The case was considered a potential test of limits to the government's power to restrict access to information in the public domain on national security grounds. Former attorney general John D. Ashcroft had strongly defended the practice in this case by likening it to putting "spilt milk" back in a jar instead of simply saying, "well, it's spilt."
But the Justice Department, which got new leadership this month when former White House counsel Alberto R. Gonzales took the reins, said in a Feb. 18 letter that the previously public letters by the two senators are "releasable in full."
A spokesman for the Justice Department, Charles Miller, said he was unsure whether Gonzales played a role in the decision.
At issue in the dispute were efforts by the Project on Government Oversight (POGO), an independent watchdog group, to publish on its Web site letters written in the summer of 2002 by Sens. Patrick J. Leahy (D-Vt.) and Charles E. Grassley (R-Iowa) to Ashcroft and others seeking an explanation for the FBI's alleged mistreatment of a whistle-blower, Sibel Edmonds.
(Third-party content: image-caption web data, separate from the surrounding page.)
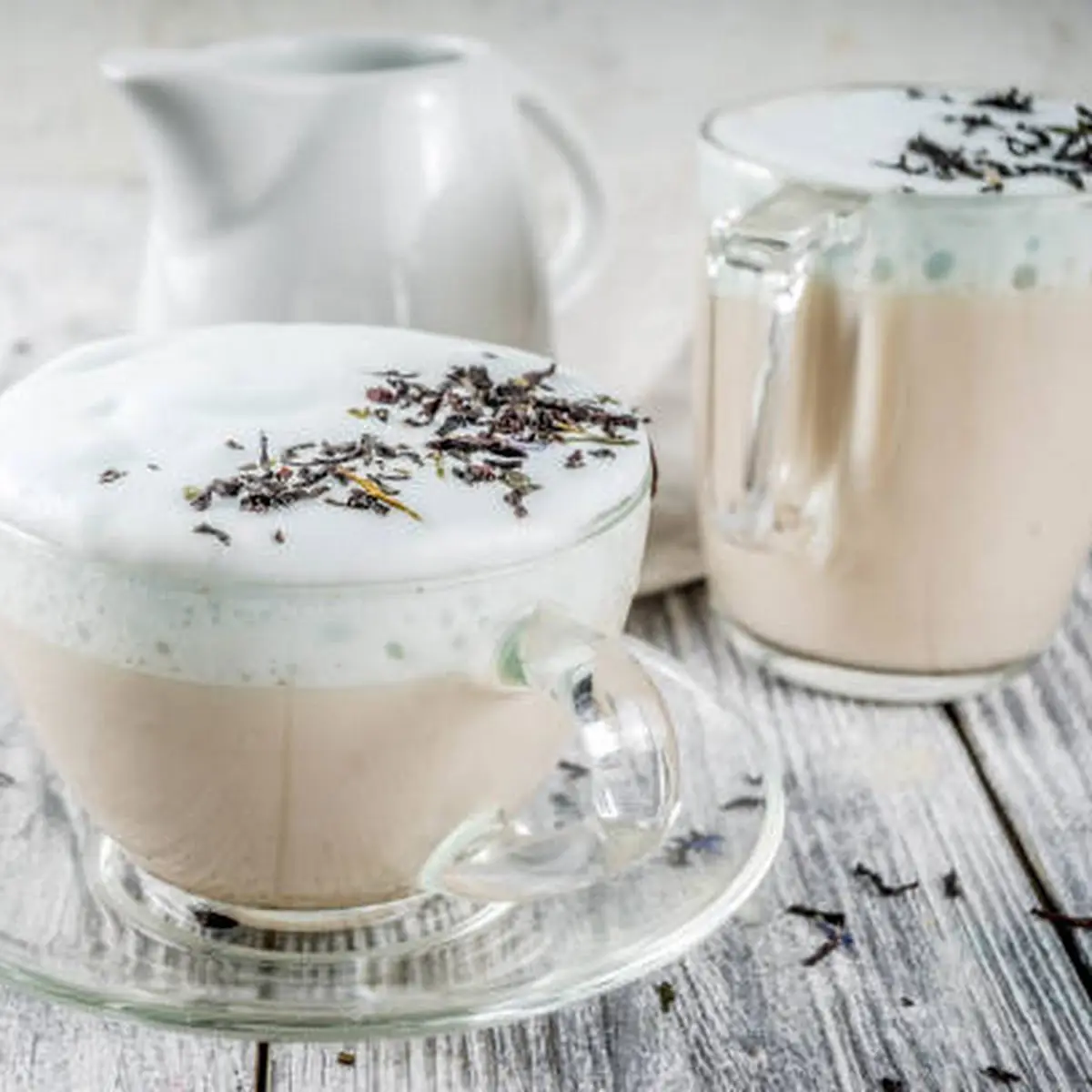 French Vanilla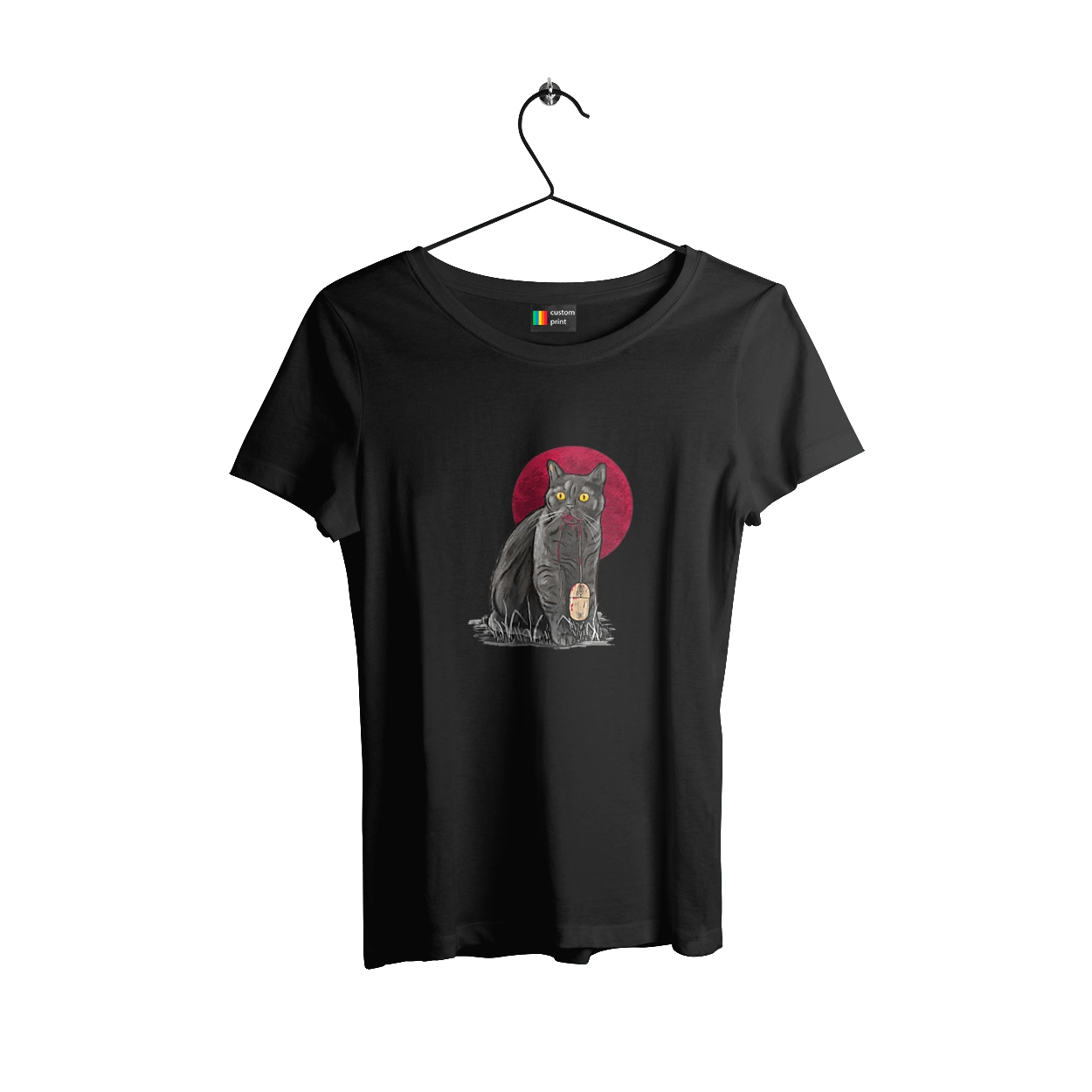 Cat programmer and mouse 404 Programmer Day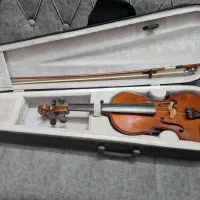 ویلون4/4|ویولن|تهران, شهرک فردوس (حسینی)|دیوار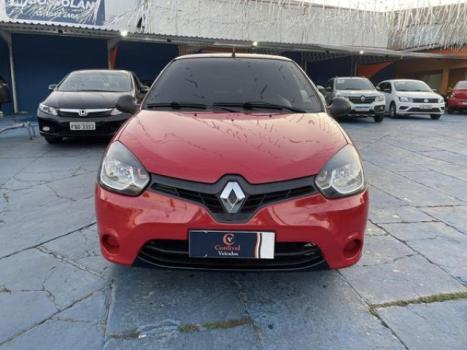 RENAULT Clio Hatch 1.0 16V 4P EXPRESSION, Foto 2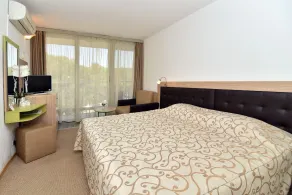 Hotel Nona - Chambre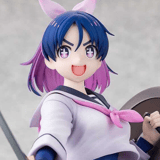 Aki Jougamine - KD Colle - Kadokawa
Edmonds, a contract linguist, had been fired in March of that year after complaining that a Turkish American co-worker had contact with an organization targeted by an FBI terrorism surveillance program and that the linguist had mistranslated transcripts of classified conversations mentioning that organization. Edmonds did not take her dismissal quietly, and her case attracted the attention not only of POGO, but also of the American Civil Liberties Union and other whistle-blower support groups.